The annual transfer from the public auto insurer's optional insurance profits to the province is expected to be $200 million in 2014, $155 million in 2015 and $125 million in 2016, according to budget documents.

Critics have long denounced the transfers as an inappropriate raid on ICBC profits and say motorists should get any dividends – in the form of lower rates.

"For too long government has been addicted to the ICBC revenues and has conveniently forgotten that drivers and taxpayers are not the same people," said Jordan Bateman of the Canadian Taxpayers Federation.

"They're taking money from drivers and giving the benefits to all people, which is unfair."

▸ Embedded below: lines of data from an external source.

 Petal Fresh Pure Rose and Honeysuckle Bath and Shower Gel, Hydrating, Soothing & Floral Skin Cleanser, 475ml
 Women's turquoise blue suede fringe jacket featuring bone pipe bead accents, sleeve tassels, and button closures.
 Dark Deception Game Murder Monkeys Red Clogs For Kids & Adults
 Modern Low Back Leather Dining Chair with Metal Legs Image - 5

The annual transfers are down from $576 million in 2010 – when they began – and were expected to be $237 million for the 2013 fiscal year.

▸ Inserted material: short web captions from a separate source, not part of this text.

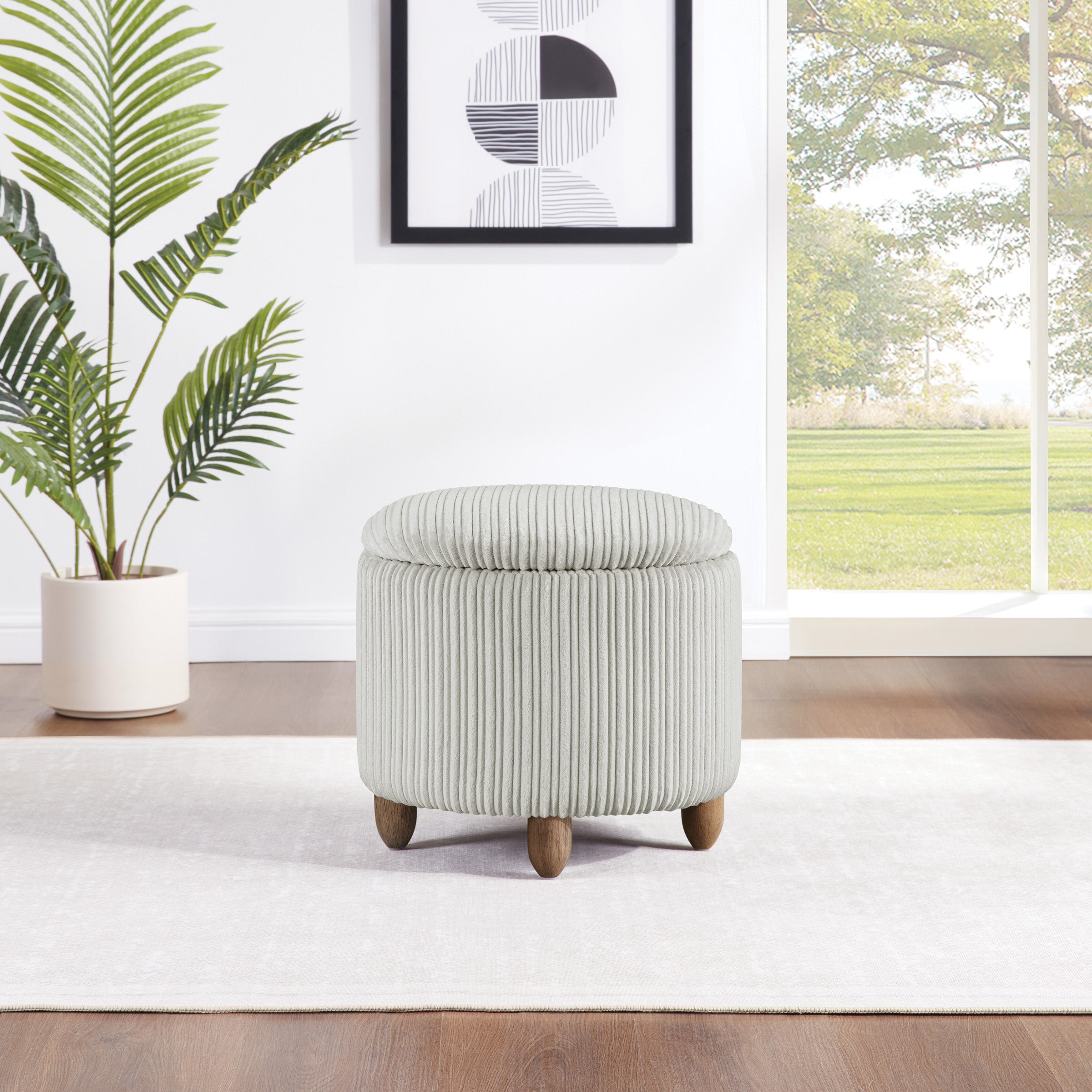 Lyra Storage Ottoman in Sherpa Parchment Fabric with Medium Oak Legs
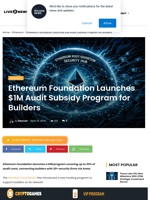 Ethereum $1M Audit Subsidy Boosts Builders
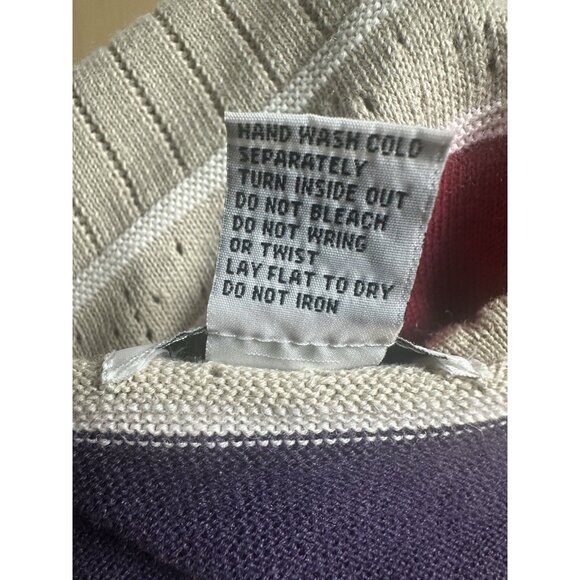 Alfred Dunner Knit Top L Floral Embroidered Cottagecore Ramie Cotton 90s L - Picture 8 of 8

Bateman said the CTF had called on the province to wean itself off the ICBC dividends over 10 years and said it looks like that's starting to happen.

"It would be great to see them get off the ICBC dole tomorrow but that would blow the budget contingency fund out the door," he conceded.

First-time home buyers are in line for some tax relief from the budget.

The threshold at which they must pay B.C.'s Property Transfer Tax was raised from $425,000 to $475,000. Realtors lobbied for the change, which provides a break of up to $7,500 on the purchase of a new home for those eligible.

At the same time, the province reduced the threshold for the phase-out of the homeowner grant to $1.1 million, meaning owners of homes worth more than that may pay higher property tax bills.